Editorial: Stop drones flying over California parks


In case you thought drone crashes in sensitive environmental habitats were rare, understand this: The drone that fell to the ground in the Bolsa Chica Ecological Reserve, chasing 3,000 sleek terns from their nests in the sand, was in does the second to do it in 24 hours. The first scattered another group of terns and plovers, but they returned. This is not the case the second time around.

They left behind over 1,500 eggs that will never hatch.

It’s maddening, isn’t it, the number of people who think they are the exception to the rule, whether it’s giving up masks during the height of the pandemic or flying drones where they are. endanger wildlife and disrupt peaceful picnics in the park? Drones are not permitted at Bolsa Chica, a successfully restored wetland in Huntington Beach and a key stop along the Pacific Flyway for migratory birds.

According to National Audubon Society, Elegant Terns are considered a vulnerable species because they nest in only a few places. They first nested in Orange County in 1987 as part of a northward spread, but at the same time they have disappeared from nesting sites in Mexico.

Drones aren’t the only problem the birds of Bolsa Chica face. Similar to violations seen in other reserves and wilderness parks, cyclists cross forbidden territory and hikers take their dogs with them. All of them have been a threat to the birds and other wildlife of Bolsa Chica, and all are prohibited there.

Enforcement in parks and other natural sites has historically been weak. Covering trail systems is not easy, parks are understaffed, and the fines that come with citations are too low to be a real deterrent.

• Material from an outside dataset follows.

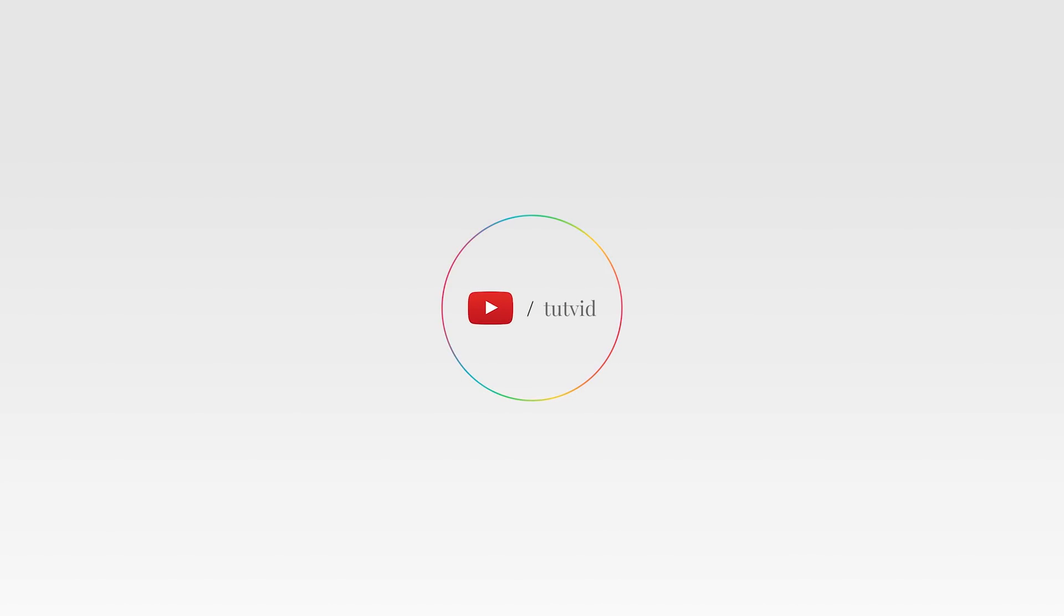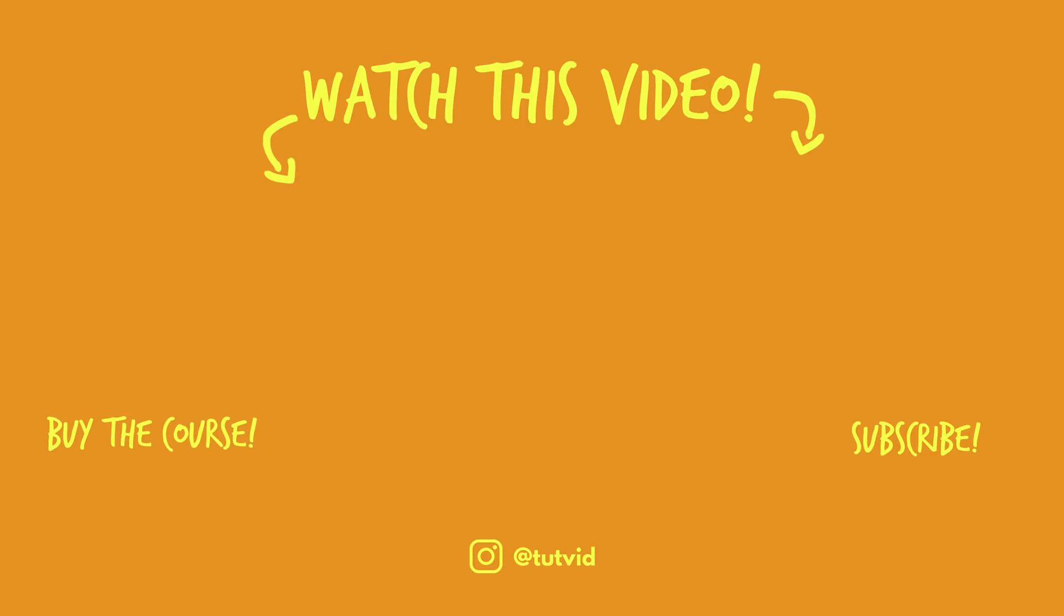Before you go, make sure you subscribe to my channel for more great tutorials every day. Also, buy my course—it helps us do what we do, and this channel is supported by viewers just like you. You can also click the thumbnail and watch another video from this channel. See you next time, guys.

But at least part of it will get easier in the future. From 2022, the Federal Aviation Administration will require drones to broadcast identification codes which could be picked up by anyone with a smartphone; the rule will apply to all drones by mid-2023. This means that rangers and other law enforcement will be able to easily find out who owns an offending drone, even if that person is operating it from outside the park boundaries. With the right software, private citizens could obtain the ID number and hand it over to the authorities. This would help fill the lack of policing in parks and wilderness areas.

This is not enough, however. The patchwork of rules governing drone flight is confusing for drone enthusiasts and the general public. Drones are allowed in state parks except when they are not for specific reasons, such as the protection of endangered species.

Our national parks and forests prohibit drones from taking off or landing within their borders; California should follow suit in all of its state parks and wildlife areas, and counties should follow suit for the nature parks they manage. Exceptions could be made for search and rescue operations, environmental and wildlife monitoring and even occasional film making, with permits issued for these.

Why not just ban them from flying over the parks? This is the competence of the FAA, and so far it seems to relate only to the security risks posed by drones in the air.

Authorities should make the rules as clear and simple as possible, put up signs telling citizens how to report illegal drone use, and increase fines for violations – they now tend to be around $ 125, which turned out not to be sufficiently dissuasive.

Once we hear that people can and will be caught and will face real consequences, the problems should subside. Sadly, it is too late now for the more than 1,500 unhatched eggs on the ground at Bolsa Chica.